The Kerryman (South Kerry Edition)
It’ll never be black and white but we must decide if we want rules or not
IT’S reaching farcical levels now, but the problem is that no one is laughing.
On one level it’s a joke, but the tragedy now is that the joke’s on us. All of us: anyone who plays Gaelic football, coaches Gaelic football, administers Gaelic football, officiates Gaelic football, watches Gaelic football.
Of course we are talking about the black card, but we’re also talking about the rules of the game at large, and how those rules are applied and how the game itself is governed.
Last Saturday’s All-Ireland Final replay was as good as match as one could hope for the occasion. It had it all, right down to the Shakespearian-like tragedy that seems to cling to Mayo whenever they grace this stage.
It also had the by now usual dosage of controversy surrounding some refereeing decisions, in particular a couple of black cards issued and another couple that weren’t but might have been.
It’s an old chestnut by now, but one that continues to pervade the game right to the very top and one the authorities have to tackle right now, if you’ll pardon the pun.
Eugene McGee - the chairman of the Football Review Committee that pushed the black card successfully through Congress three years ago - has said a review of the black card is now necessary, although he remains a bullish advocate for its retention.
Let’s remind ourselves of the first three Category II Infractions (for cynical behaviour) that are governed by the black card:
5.10: To deliberately pull down an opponent.
5.11: To deliberately trip an opponent with hand(s), arm, leg or foot.
5.12: To deliberately collide with an opponent after he has played the ball away or for the purpose of taking him out of the movement of play.
They’re pretty straightforward, aren’t they. Pull down, trip or collide with an opponent and you’re off. So what’s the problem and where’s the confusion?
The confusion lies in the word ‘deliberately’ because straight away that makes it a subjective call for a referee. Now he has to get inside the mind of a footballer and decide whether the player deliberately and with intent meant to foul his opponent or whether it was some sort of accidental foul.
In real time, in the heat of a match, it’s a big ask of the official to make a judgement call on a player’s intent or otherwise when a collision such as that between Lee Keegan and Diarmuid Connolly last Saturday that resulted in the former being issued a black card by Maurice Deegan.
The problem with the black card is a whole different matter.
Tacitly most people accept that there must be rules, even for Gaelic football, which is becoming almost ungovernable, particularly so at the top end of the inter-county game. But at a real level, the truth is nobody is willing to play by the rules.
Never mind the speed at which the top players play the game, and the physicality and athleticism of the protagonists, there is fast becoming a complete unwillingness to accept any sort of regard for the rules of the game that govern discipline and aggressive fouling.
Every call by a referee is vehemently challenged by players, sideline mentors and spectators. Look back on any of the major Championship matches this summer and see how the referee is set upon by players from both teams whenever he blows his whistle for a free that isn’t a technical foul (and ever then many of those calls are challenged too.) Until such time as players, firstly, are willing to accept that, yes, they have actually committed a foul the slow death of the game will continue.
It has already permeated down to minor and juvenile level, and once the under-10s and under-12s catch on to ref bashing - as they surely will because what kid doesn’t want to emulate his or her hero - then the gig is up.

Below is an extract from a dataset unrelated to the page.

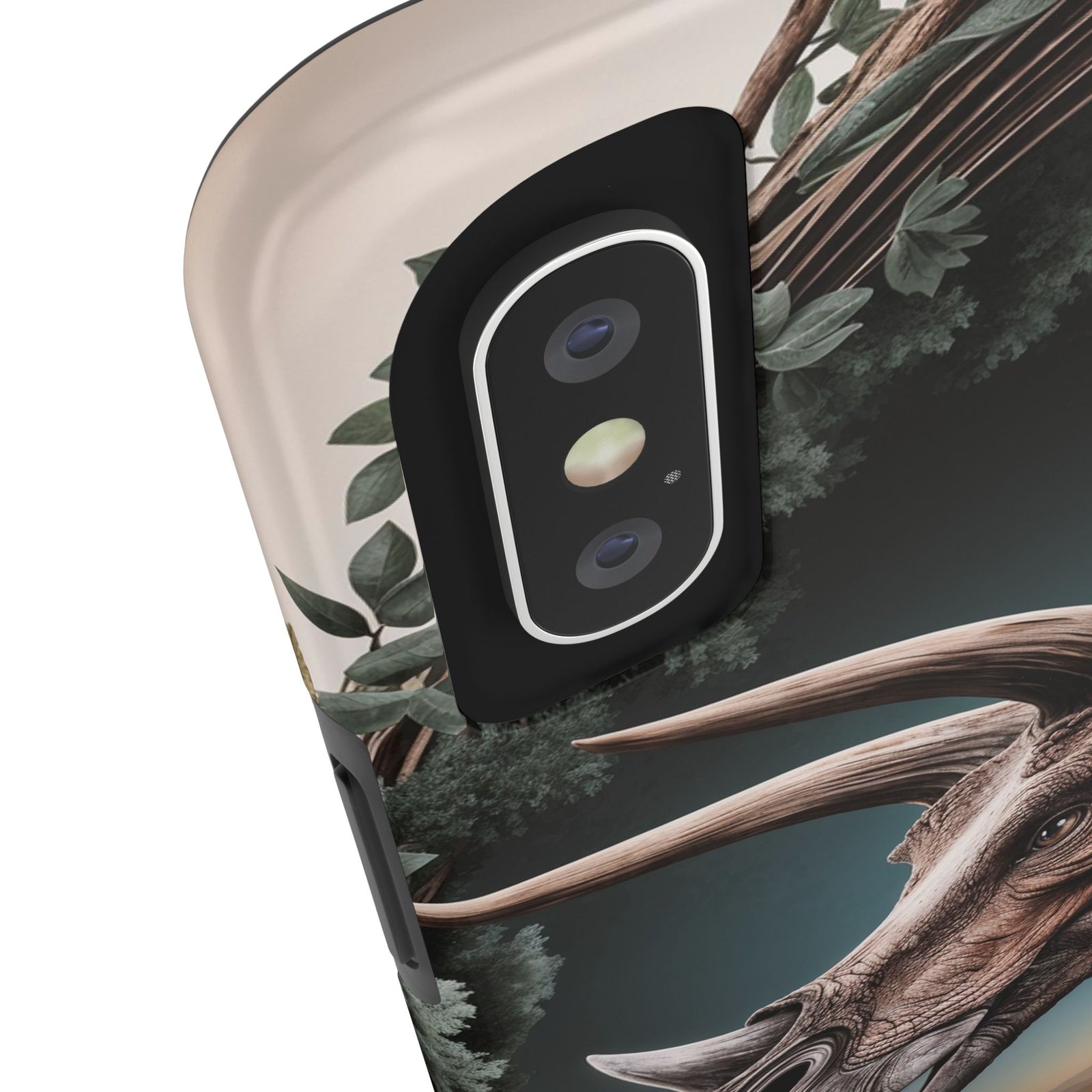 Triceratops Wilderness Adventure - Dinosaur Phone Case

But back to the black card. Is it working? To a degree, insofar as it probably has cut out some of the blatant cynical fouls where once a player could ‘take one for the team’ at the price of a yellow card, but that will continue to happen anyway where a player deems it worth it to take a player out in the closing minutes of a game to ensure victory and walk on a black card.

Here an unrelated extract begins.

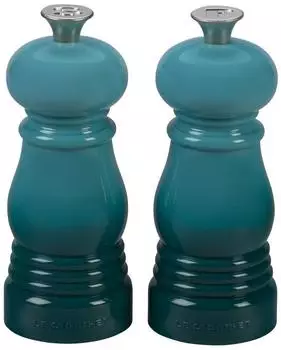 Le Creuset Salz- und Pfefferm&uuml;hle im Set 11 cm karibik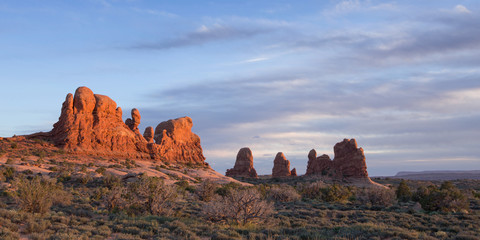 Sunset in Arches National Park, Utah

But what of the trip or body check earlier in the game on a player not in a scoring position, which is cynical and deliberate but which doesn’t materially affect the score at that stage.
Would advancing the ball to a scorable range or ‘sin-binning’ the offending player for 5, 8 or 10 minutes be a better fit of a punishment?
Either way it will still come down to a judgement call by a referee on what is and isn’t a foul. Same as it always has been.
And it comes down to a willingness or not to accept that referees, same as footballers, will get some things right and some things wrong.
Gaelic football is at best an organic, fluid and, at times, messy game, governed by playing rules but played in a free-wheeling spirit within that framework.
Beyond that and it threatens to spill into anarchy. It really is that black and white.